2017年04月30日
No.3690 ちょっと一休み その592 『ある携帯電話会社の委任状に見るユーザー視点の欠如』

先日、千葉県の実家の父からこれまで使っていた携帯電話に不具合が出たので、解約したいという連絡がありました。

そこで、父が契約している携帯電話会社にその旨問い合わせたところ、今解約すると1万2000円ほどかかると言われました。

そうなのです、今問題になっているように携帯電話を無料で解約出来る月は決まっており、それ以外の月に解約すると解約手数料が発生するのです。

しかし、一方で今特定の機種に限っては実質ゼロ円で変更出来ると提案されました。

そこで、機種変更することにしたのですが、実家の近くのはその携帯電話会社のショップはありません。

そこで、私が代理人となって、横浜市内の自宅の最寄りのショップで機種変更の手続きをすることにしました。

ところが、代理人として手続きをするに際しては、当然のことながら委任状が必要です。

そこで、最寄りのショップから委任状を取り寄せましたが、その書き方がよく分かりませんでした。

そこで、本社のお客様相談窓口に書き方について相談し、言われた通りに書いて最寄りのショップに行きました。

そうしたところが、そのショップの窓口の方から書き方に不備があり、このままでは機種変更は出来ないので契約者に書き直してもらって欲しいと言われました。

代理人である私がその場で書き直すことは許されないというのです。

要するに、携帯電話を巡っては今様々な犯罪が発生しているので、委任状の扱いについても厳しい対応が求められているということなのです。

そこで、仕方なく一旦自宅に戻り、あらためてお客様相談窓口に書き方について相談したところ、最終的にショップの窓口の対応が正しいことが分かりました。

そこで、修正して再度ショップに行き、ようやく契約変更に至りました。

この間、私はお客様相談窓口との電話でのやり取り、そして最寄りのショップへの往復、およびショップの窓口、あるいはその責任者とのやり取りで4時間あまりを費やしてしまいました。

当然、同じようにお客様相談窓口やショップの窓口の方も時間を費やしたのです。

 

そこで、なぜこのようなことが起きてしまったのかをあらためて考えてみました。

分かったことは、こうしたことの根本原因は委任状の記述そのものだったということです。

実質ゼロ円という歌い文句の裏には、携帯電話本体の料金の一括支払いではなく、毎月の分割払いを選択することが必要なのです。

ところが、この携帯電話会社の委任状の記述にはどこにもこうした判断が出来るような記述はないのです。

このことによって、本部のお客様相談窓口の理解不足により、誤ったことが私に伝えられ、それによって私は二度もショップに行くはめになってしまったのです。
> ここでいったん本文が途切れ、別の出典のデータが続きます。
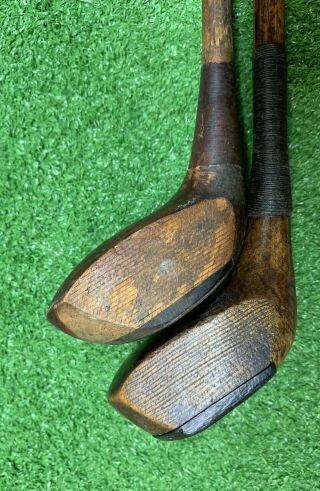Antique hickory wood shaft Golf Clubs and Vintage Stovepipe Bag 6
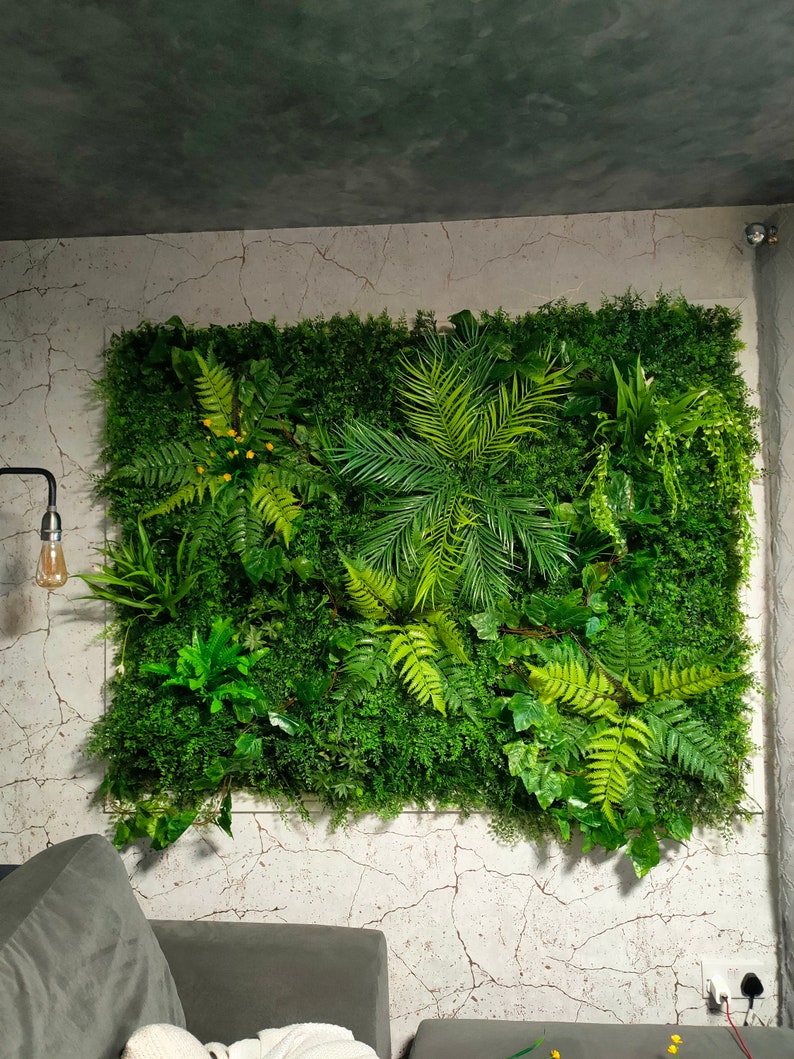 Large Artificial Plant Green Wall Panel Etsy UK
ですから、委任状の内容が誰にでも理解出来るような分かり易い記述になっていれば、こうした三者の時間の浪費は防げたのです。

 

ということで、言うまでもありませんが、私は機種変更を済ませて帰宅してすぐに、お客様相談窓口の責任者に今回の経緯を説明し、委任状の記述を分かり易くするように強く求めました。

 

考えてみれば、今回の一件に限らず、私たちが日々の生活の中で接する様々な契約においては、非常に分かり難く、しかも小さな字で事細かに書かれた契約書をよく目にします。

これはひとえに“ユーザー視点の欠如”と言えます。

ユーザーにとっての分かり易さよりも、何か問題が起きた時にサービス提供企業が損害を出来るだけ回避することを優先しているとしか思えないのです。

もし、本当にユーザーの立場を考えているならば、分かり易い記述、そしてもう少し読み易くするように文字を大きくするといった配慮がなされるはずです。

 

こうした点について、出来るだけ多くの企業には改善して欲しいと願います。

また、こうした改善が目に見えないかたちで、ユーザーにとってだけでなく、本社のお客様相談窓口や現場の店員の対応時間の削減につながることは間違いないのです。